Pineda and his colleagues also brought Newburgh’s young people to Montgomery, located about 50 miles from Selma. They visited The Legacy Museum and Freedom Monument Sculpture Park, two of three sites dedicated to honoring the millions of lives that were lost — and continue to be affected by — America’s history of the slave trade, racial terrorism lynchings, segregation, and institutionalized racism.

One of the emerging adults found their last name among the 100,000 engraved on the National Monument to Freedom, a massive wall within the Sculpture Park that honors formerly enslaved Black people who won freedom after the Civil War.
“Our kids have brought it back and had meaningful convos about the history of lynching in America with younger [peers], like 10 year olds.” As for the impact of The Legacy Museum, “it made me rageful” — but “everyone should go, or at least know about it,” one young person shared.
Shooting for 30,000 Feet
Several weeks after their trip to Selma, AI hosted a webinar. Featured speakers included three of the adults (Pineda, Demetrius James, AI’s Senior Program Advisor; Kenyatta Emmanuel Hughes, Project Director) and three of the youths who traveled to Selma. Also in attendance was Lisette B. Hughes, Senior Program Advisor, who had traveled to the SCNTR with Pineda previously.

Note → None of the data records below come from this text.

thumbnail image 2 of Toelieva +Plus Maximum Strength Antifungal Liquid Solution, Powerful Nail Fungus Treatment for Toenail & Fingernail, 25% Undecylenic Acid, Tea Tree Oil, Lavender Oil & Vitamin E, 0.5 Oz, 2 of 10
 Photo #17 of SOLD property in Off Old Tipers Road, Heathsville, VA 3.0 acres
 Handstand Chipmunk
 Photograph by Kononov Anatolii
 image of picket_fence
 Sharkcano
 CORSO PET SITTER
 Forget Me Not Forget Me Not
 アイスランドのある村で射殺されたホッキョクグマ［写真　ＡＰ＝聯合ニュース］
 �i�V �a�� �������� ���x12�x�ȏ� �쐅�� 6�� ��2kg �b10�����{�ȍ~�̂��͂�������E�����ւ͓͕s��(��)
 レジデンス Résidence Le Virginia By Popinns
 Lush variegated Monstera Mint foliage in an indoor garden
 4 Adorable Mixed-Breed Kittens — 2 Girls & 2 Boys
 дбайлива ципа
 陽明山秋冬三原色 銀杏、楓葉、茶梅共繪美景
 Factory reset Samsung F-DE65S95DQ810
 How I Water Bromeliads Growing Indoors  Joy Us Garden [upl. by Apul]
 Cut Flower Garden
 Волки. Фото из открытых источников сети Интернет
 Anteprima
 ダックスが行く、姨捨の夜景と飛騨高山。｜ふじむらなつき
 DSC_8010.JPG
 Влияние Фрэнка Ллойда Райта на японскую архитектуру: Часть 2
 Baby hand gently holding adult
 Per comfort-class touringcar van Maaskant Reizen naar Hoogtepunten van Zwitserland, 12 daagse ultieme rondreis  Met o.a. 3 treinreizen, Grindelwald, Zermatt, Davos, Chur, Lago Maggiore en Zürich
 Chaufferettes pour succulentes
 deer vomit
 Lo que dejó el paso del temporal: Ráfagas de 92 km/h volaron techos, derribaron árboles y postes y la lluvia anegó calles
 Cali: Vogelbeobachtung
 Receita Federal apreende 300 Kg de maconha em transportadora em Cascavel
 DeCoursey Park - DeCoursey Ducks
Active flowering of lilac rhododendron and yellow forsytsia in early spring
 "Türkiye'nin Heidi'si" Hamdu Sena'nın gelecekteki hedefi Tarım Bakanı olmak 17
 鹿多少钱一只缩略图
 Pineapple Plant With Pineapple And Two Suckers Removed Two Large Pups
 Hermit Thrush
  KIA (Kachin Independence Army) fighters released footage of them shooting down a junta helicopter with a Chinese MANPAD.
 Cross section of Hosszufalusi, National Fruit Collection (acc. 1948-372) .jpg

The statistics shared during the webinar demonstrate the strength of AI’s relationships with the youths (ages 13-22) they have connected with via Our Core and Marc’s Friends, many of whom attended three or more nonviolence workshops.

Sharing their biggest takeaways from Selma, the young people noted how much action folks are able to take within their own communities and among their peers. Two of them commented on how memorable the church service they attended was; one stated he goes to church often, but the Selma service was the best sermon he ever heard. He also expressed how much Selma reminded him of Newburgh — in both cities, he shared, it’s easy to spot street art and murals amongst buildings in disrepair. “I think the entire thing is beautiful, even the broken down buildings. It reminds me of home,” he said.
Looking toward the future, AI hopes to return to Selma with another group of young folks next year. They’d like to partner with an organization that specializes in serving young female-identifying people and can chaperone emerging adult females.
Next year, Pineda also hopes to cross the bridge with dozens of umbrellas containing hand-painted messages of Good Trouble and abolitionism. In the meantime, he’ll continue addressing the harms he and others have endured during incarceration, educating community members on nonviolence and restorative justice, hosting pop-up events, and uplifting Newburgh’s youth. “We shoot for the moon, but we’re good to reach 30,000 feet,” he said.